Like turning 40 or celebrating a Silver Wedding anniversary, passing 400ppm has symbolic value. We all acknowledge significant milestones as they allow us to understand not merely where we have come from, but where we may going.

So now that the 7 billion humans on the planet have shared the passing of this milestone, how have we acknowledged it?

My own sense is in the same way humanity has responded as it has to date: in denial; indifference; the blaming of others and the pointing of fingers; ineffective and halfhearted attempts at solutions; inaction. 

George Monbiot  of The Guardian argues the only way to reduce the concentration of greenhouse gases in the atmosphere is to completely overhaul politics: “This new climate milestone reflects a profound failure of politics, in which democracy has quietly been supplanted by plutocracy. Without a widespread reform of campaign finance, lobbying and influence-peddling and the systematic corruption they promote, our chances of preventing climate breakdown are close to zero.”

Monbiot wishes to lay the full blame the fossil-fuel industry for funding disinformation and corrupting the political system.

There is some truth to this, however I judge the success of such a campaign less likely than halting (let alone reducing) the rising concentration of CO2 in the atmosphere.

We face political gridlock on such comparably simpler issues like tax reform or funding services for the disabled.

The probability of a root-and-branch renewal of politics as we know it seems unlikely – at least in the time frames required to bring down emissions within the next half decade.

On not wanting to know

Despite sharing some of the sentiments expressed by Monbiot, I’ve long argued we need to take a much more nuanced view on the causes of inaction.

Kari Marie Norgaard in her groundbreaking work of anthropology Living in Denial suggests it is the social organisation of denial to which we can attribute humanities failure.

At all levels of society – from the individual to the level of national politics – we are all engaged in the activity of denial.  We enforce silence on the climate issue within own minds, in our conversations with loved ones and neighbors and within the workplace and the political sphere. The problem – Norgaard suggests – is not that of a lack of information or the malign influence of the fossil fuel industry.

Simply put that vast majority of us do not want to know.

However both Monbiot and Norgaard are right: we cannot attribute this failure to a single cause.

And so between the Scylla and Charybdis of an indifferent populace and a political system inadequate to the task, what our humanities options?

“Daddy, why is the sky white?”

The once fringe science of geoengineering is now being entertained.

It is as the term implies: the deliberate act of engineering the climate. One approach is to examine how we can draw down carbon from the atmosphere.

Another suggestion is shooting sulfate aerosols into the atmosphere, thus giving it greater reflective properties.
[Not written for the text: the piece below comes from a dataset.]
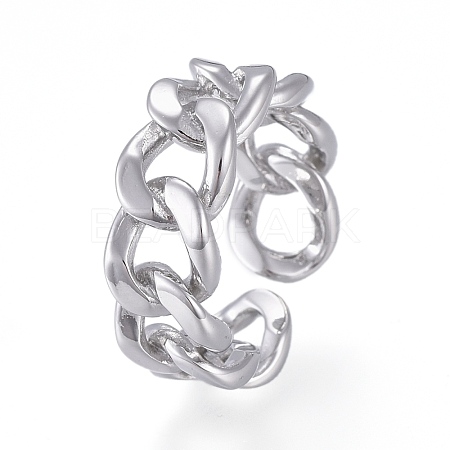 Brass Cuff Rings RJEW-K232-19P-1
It would reduce incoming solar radiation and keep temperatures down.

Paul J. Crutzen, the chemist who gave us the term Anthropocene, recently suggested in a paper we should at least begin looking into such options but he also notes the risks:

 Anthropogenic stratospheric aerosol injection would cool the planet, stop the melting of sea ice and land-based glaciers, slow sea level rise, and increase the terrestrial carbon sink, but produce regional drought, ozone depletion, less sunlight for solar power, and make skies less blue. Furthermore it would hamper Earth-based optical astronomy, do nothing to stop ocean acidification, and present many ethical and moral issues. Further work is needed to quantify many of these factors to allow informed decision-making.

It is the equivalent of blanketing the planet in reflective tinfoil.

One of the more likely consequences of such a strategy would be to change the colour of the sky from its characteristic blue to white: no more would children ask parents why the sky is blue.

We’ll have to explain to our children it is white because we made it so.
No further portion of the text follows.